Wakefield Council has been given a grant of £298,701 will help more families with disabled children take a break from their caring responsibilities.
The funding has been given after a second successful bid to the Department for Education (DfE).
It means the council can continue to offer short breaks and support services to children and young people with SEND (Special Educational Needs and Disability), giving them the chance to take part in activities enjoyed by other children.
From April, there will be additional help available during the summer holidays and there will be more family activities that last a full day and which gives carers and parents the opportunity to meet and share experiences.

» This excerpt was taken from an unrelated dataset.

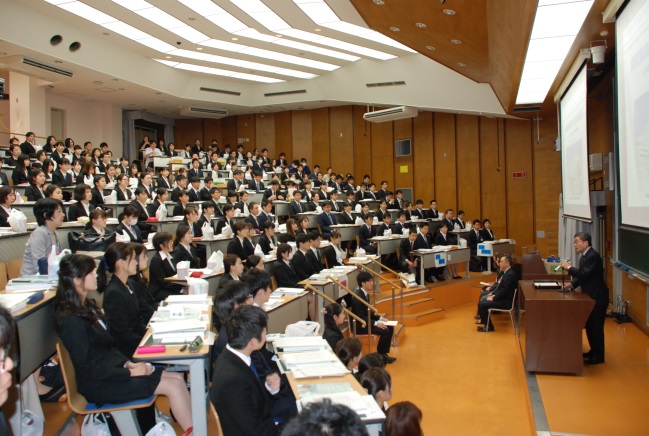 平川病院長が新入職員に訓示 平川病院長が新入職員に訓示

Siblings of children and young people who live with SEND will also be included in some group support that the council offer.
To ensure families come forward to receive help, and to find parents or carers who may be hard to reach, the council will hire a part-time family engagement officer.

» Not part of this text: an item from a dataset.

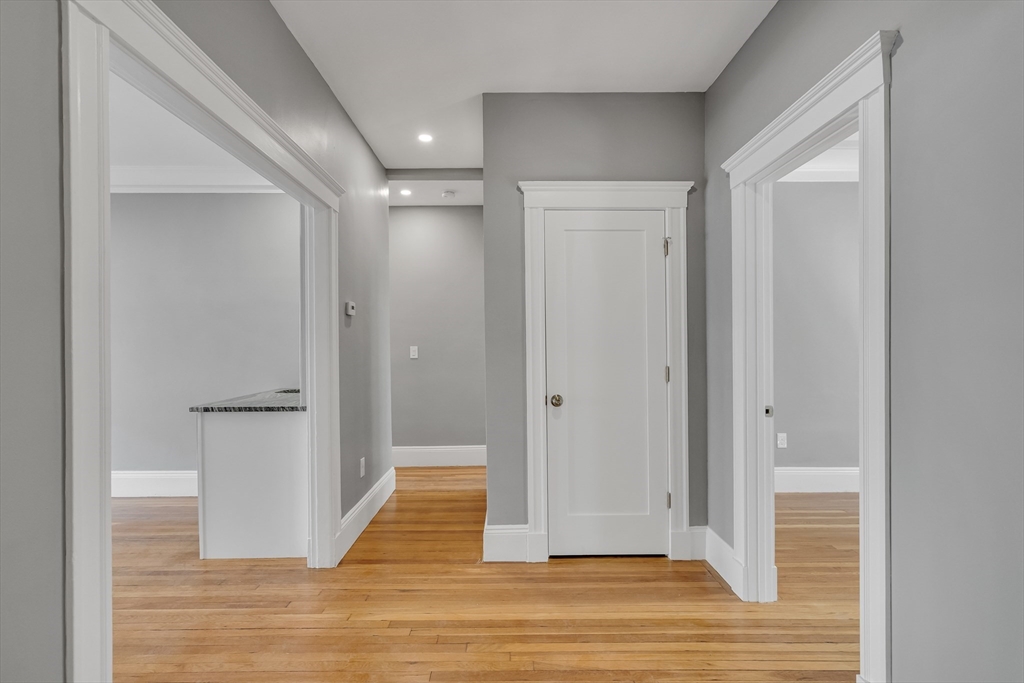 142 Sutherland Rd, Brighton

These plans were agreed after a consultation with the local Parent Carer Forum and wider feedback. They have the backing of local community organisations and the Wakefield District Health and Care Partnership.
Most of the work started last year, after the council were one of only seven local authorities to receive their first grant from the DfE’s ‘Short Breaks Innovation Fund’ will carry on. This includes short breaks which prepare young people for adulthood and providing more intensive support to young people, aged 12 and over, with autism, social, emotional, and mental health needs.
Victoria Schofield, Corporate Director for Children and Young People, has welcomed the news. She said: “More funding is vital for children who have complex needs as it is often their only chance to enjoy fun activities in a safe environment and give families a break.
“Being a carer can leave you with very little time for yourself or other people and can be an extremely difficult job. We want to offer as much support as we can.
“This funding gives us the opportunity to offer more than we normally could and gives children the chance for more positive outcomes, along with their families and carers.”